Hoe Wai Cheong joined B&V in 2007, serving in a variety of roles including leading Black & Veatch’s engineering, procurement and construction business for energy globally. That includes bolstering the company’s capabilities in LNG import terminal development. Among the most significant of these, historically, is the Costa Azul LNG terminal in Mexico.
Black & Veatch is also supporting the development of India’s LNG import infrastructure with the regasification terminal at Ennore for Indian Oil Corporation and a floating storage and regasification unit (FSRU) terminal for Swan LNG at Jafrabad. The Ennore terminal, with a send-out capacity of 5 mta, entered operation earlier this year.
Some of the company’s most complex projects have been first-of-a-kind work in the FLNG sector.
“We have secured a second FLNG conversion project for Golar”, says Mr Cheong. “The first was the Hilli Episeyo in Cameroon in 2014. The success of that project lead to the award of the Gimi conversion in 2018.”
B&V’s scope of work is broadly the same across both projects: detailed engineering and process design, specify and procure topside equipment, and provide commissioning support for the topsides and liquefaction process.
“Prico, which is used on both vessels, has been central to us winning the work,” says Mr Cheong. “The system is proven; its minimal equipment requirements and compact process footprint make it ideal for offshore liquefaction projects.”
Confidence in the technology’s suitability for offshore applications was rewarded in 2016 when Prico became the world’s first liquefaction technology to achieve production on a floating facility. In 2018 the technology successfully completed its Guaranteed Performance Test aboard Hilli Episeyo.
Hilli Episeyo was the world’s first FLNG vessel developed as a conversion project from an LNG carrier.

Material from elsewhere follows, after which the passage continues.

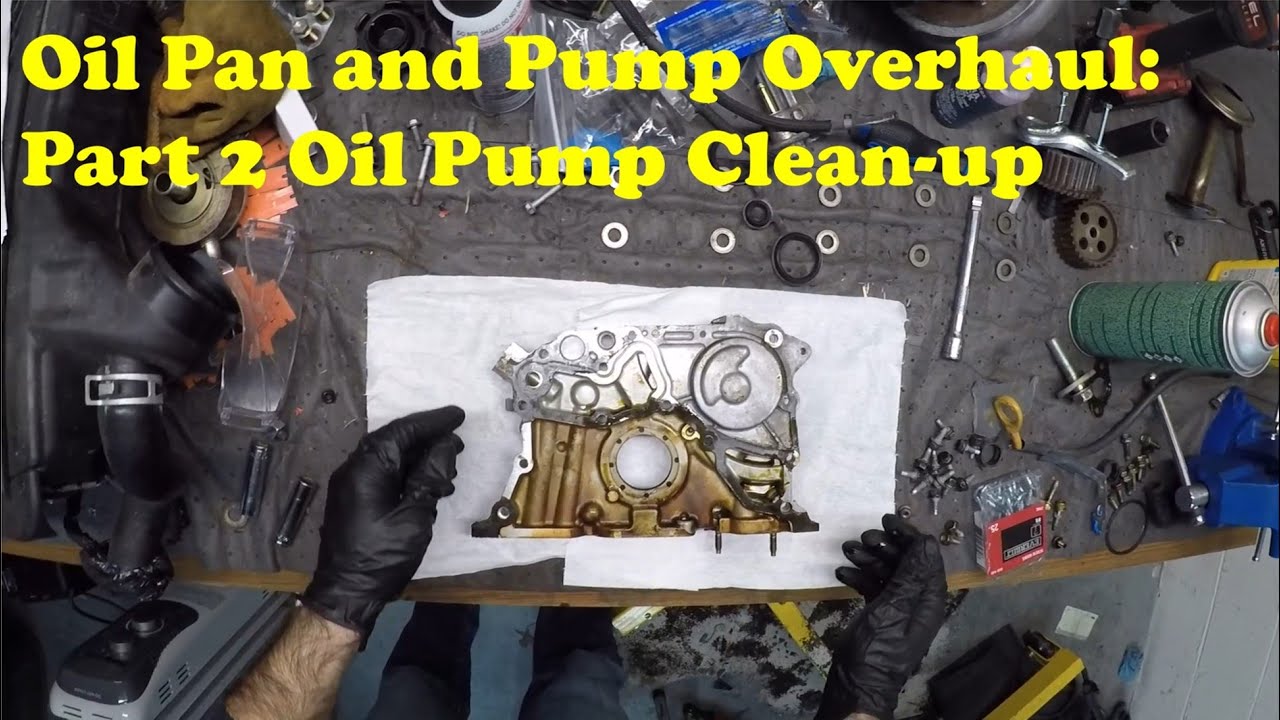 Gen4 3SGTE Engine Oil Pan and Pump Overhaul: Part 2 Oil Pump Clean-up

The moored vessel operates off the coast of Cameroon. “First-of-a-kind projects have unique challenges,” says Mr Cheong. “The lessons we learnt from the Hilli increased efficiencies on the subsequent project.”
The company was also involved in another unique project, Tango FLNG in Argentina.
“Exmar’s Tango FLNG is the world’s first barge-based floating liquefaction unit, designed by B&V to produce 0.5 mta of LNG,” he says. Earlier this year the barge’s Prico plant completed its Guaranteed Performance Test and commenced commercial operations to load Argentina’s first cargo for exporting LNG.
“Unlike the conversion projects, Tango was a purpose-built barge vessel designed for jetty mooring, rather than open water,” explains Mr Cheong. “The barge has a smaller footprint and was possible only with use of our space-efficient Prico technology. The size constraints provided their own challenges but proved to be a very successful configuration in that scale.”
Mr Cheong says that Prico technology’s minimal equipment requirements and compact footprint make it ideal for offshore liquefaction projects. “The single-mixed refrigerant process’ entire liquefaction train (0.5 -2.0 mta) can be built in a single module, with gas coming in and LNG going out. This minimises module interconnection, which is undesirable on FLNG. Prico offers the lowest capital cost of all competing technologies and a simplified control system. Our patented process allows for rapid start-up and shutdown and is proven in reliable operations, with reduced personnel requirements. Prico configurations have been fully vetted for offshore application on FLNG with marinisation.”